### [EXERCISE MATERIALS]
#####

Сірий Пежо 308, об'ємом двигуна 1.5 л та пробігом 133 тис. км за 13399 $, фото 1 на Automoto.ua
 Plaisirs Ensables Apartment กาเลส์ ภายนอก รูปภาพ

#####

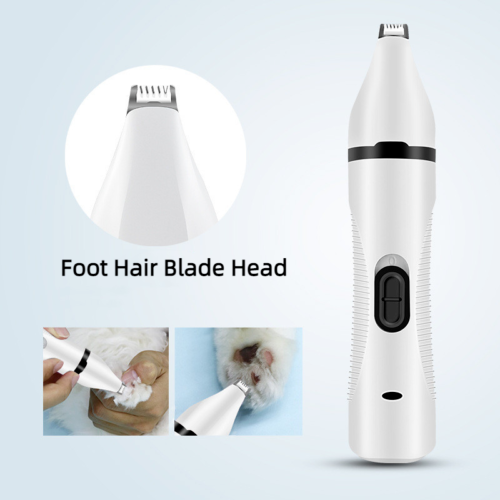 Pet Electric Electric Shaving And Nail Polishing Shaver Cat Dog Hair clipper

#####

Go to the line with "Сірий Пежо 308, об'ємом" in the entries above and repeat every line from there through the line with "Plaisirs Ensables Apartment", exactly and with no other text.

### [ANSWER TO THE EXERCISE]
Сірий Пежо 308, об'ємом двигуна 1.5 л та пробігом 133 тис. км за 13399 $, фото 1 на Automoto.ua
 Plaisirs Ensables Apartment กาเลส์ ภายนอก รูปภาพ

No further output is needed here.